Hannah fell still because Cox, drawn to the racket, appeared at the corner of the house. He lounged against the wall, picking his teeth, cynical as usual and unabashed. Not until I stared at him would he go away. I then asked Hannah to think it over, urging her to stay just one more year. When she shook her head frantically, unable to consider such a thing, I said, “because if you leave here, you will leave unpaid.”
“Ed, we ain’t young no more! We got nobody and nothin to take care of us except what we got comin.” She stood eyes closed, hands clenched on her apron: I waited for her, feeling all wrong, but I had no choice. “I reckon we will have to wait,” she murmured finally. She shuffled back inside in her home-hewn sandals. Except for the cutters hacking down the cane, Big Hannah Smith was the only person on the place besides myself who did not go barefoot.

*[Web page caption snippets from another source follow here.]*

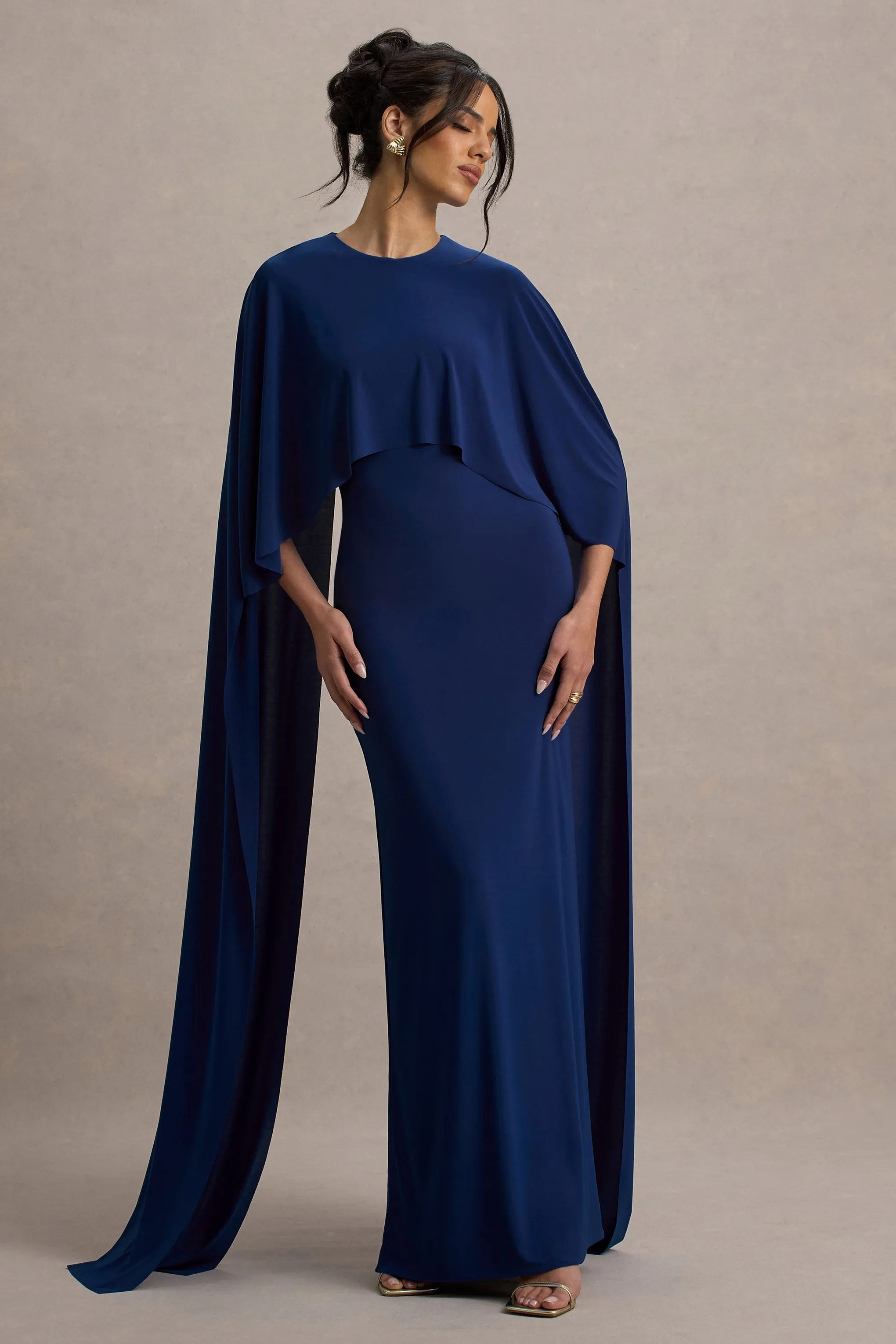 Padma | Blue Draped Maxi Dress With Cape Sleeves sold by Club L London product image thumbnail 4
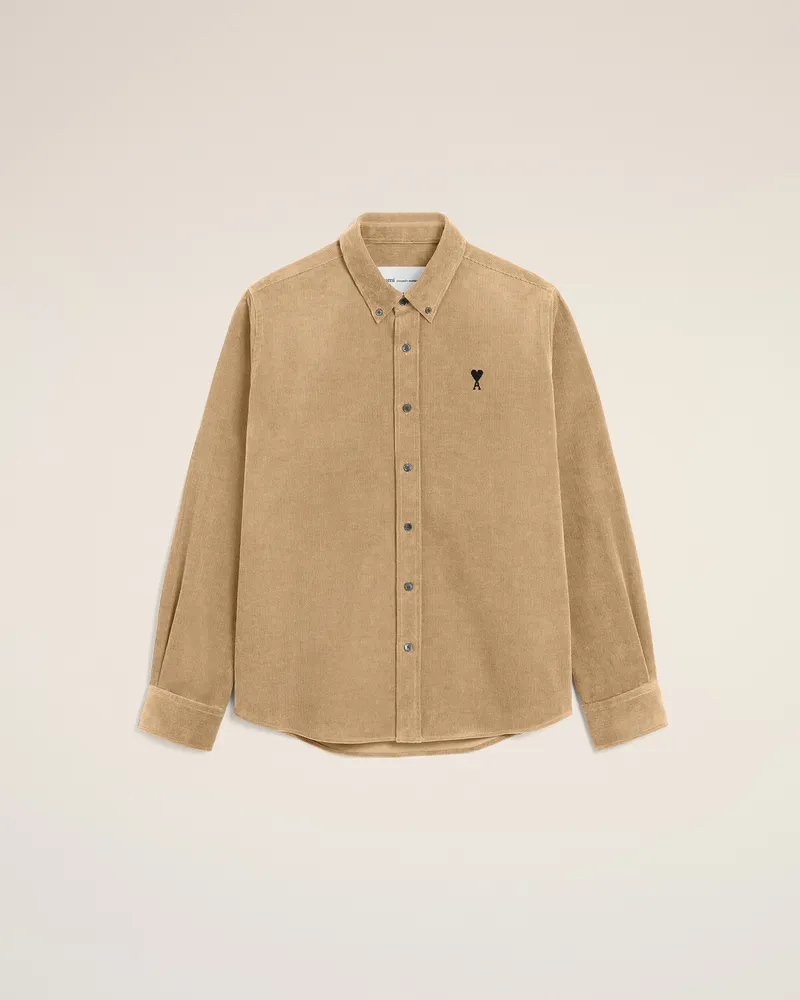 AMI Paris Ami de Coeur Hemd aus beigem Cord Beige - Größe für Herren Beige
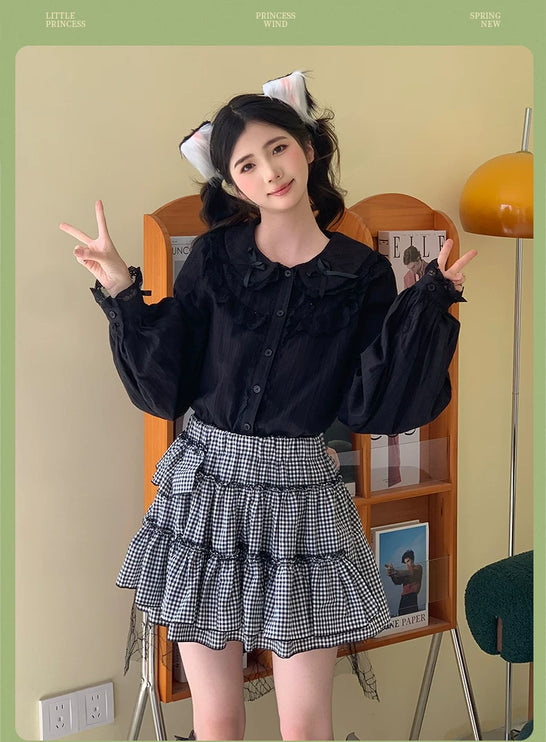 Lace - adorned Long - sleeved Blouse with Fluffy Cuffs, Exuding Delicate Femininity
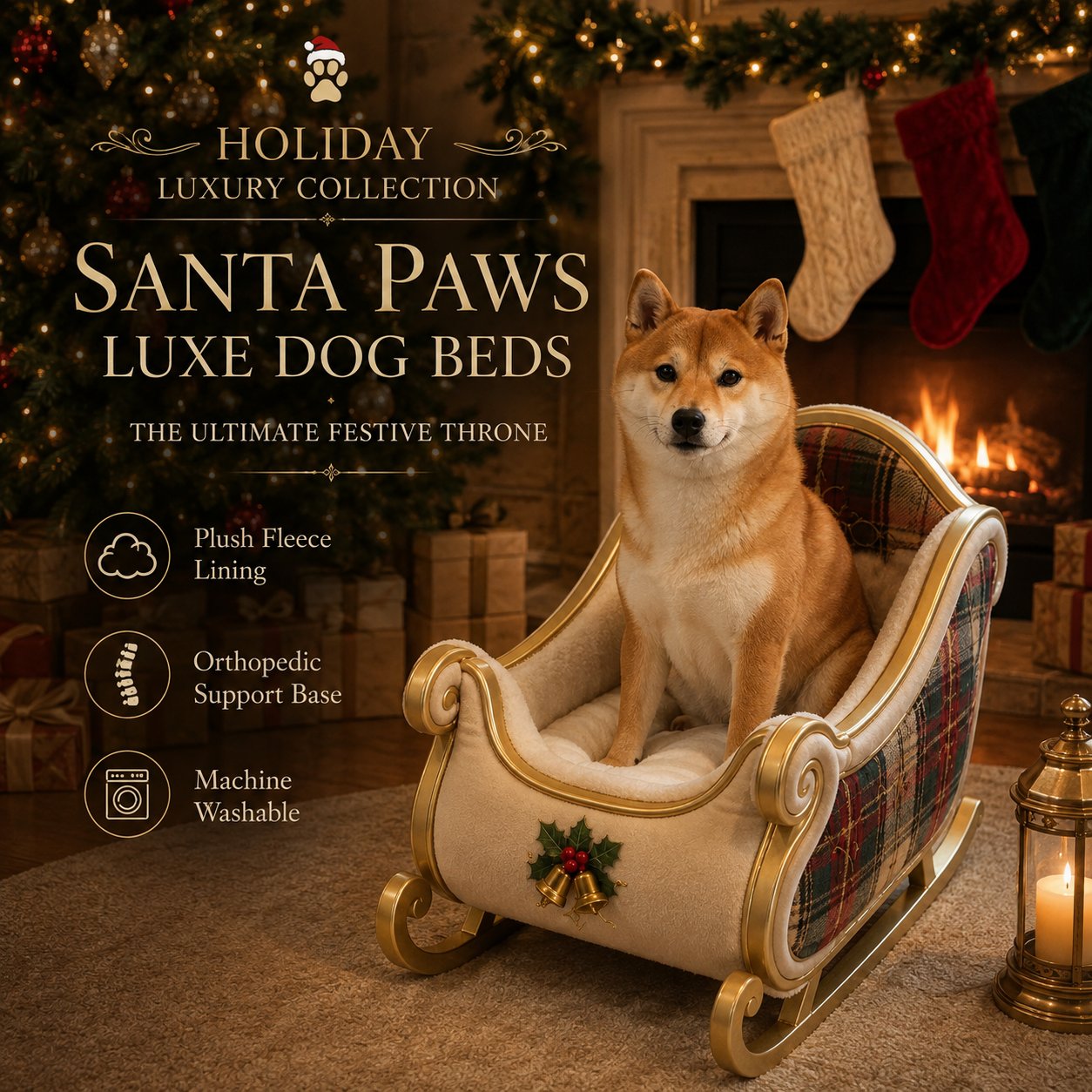 🎄 Santa Paws Christmas Dog Beds – Cozy Festive Sleigh & Holiday Pet Beds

Kate and the children went along next time I went to Chokoloskee, and they stayed behind with Kate’s friend Alice McKinney. From there she went to stay with Mamie Smallwood, then Marie Alderman, finding excuses not to come home for weeks. Scared of me now, she did not speak of Cox again but only said that Chatham Bend was too hard on the small children-the hurricane season, the mosquitoes-and too dangerous with all of those rough men. I assumed she’d heard rumors about Josie Jenkins from her female friends but she later admitted it was Leslie who told her.
***
In the hurricane season of late summer, the heat and humidity were something to fear. Even at midday, mosquitoes hung outside the screens on a miasmal air so moist and sweet that it might have come on a south wind out of the tropics.
That summer we had a young Mikasuki squaw who’d been thrown out by her band for consorting with the moonshiner Ed Brewer. She was not exclusively for his own use, it seems, because he snuck in to the Bend one day, tried to rent her to our coloreds. Sip Linsey was a pious darkie of the old-time religion and Frank Reese was still pining for Jane Straughter, so those two boys had little use for a beat-up aboriginal with advanced alcohol and hygienic problems.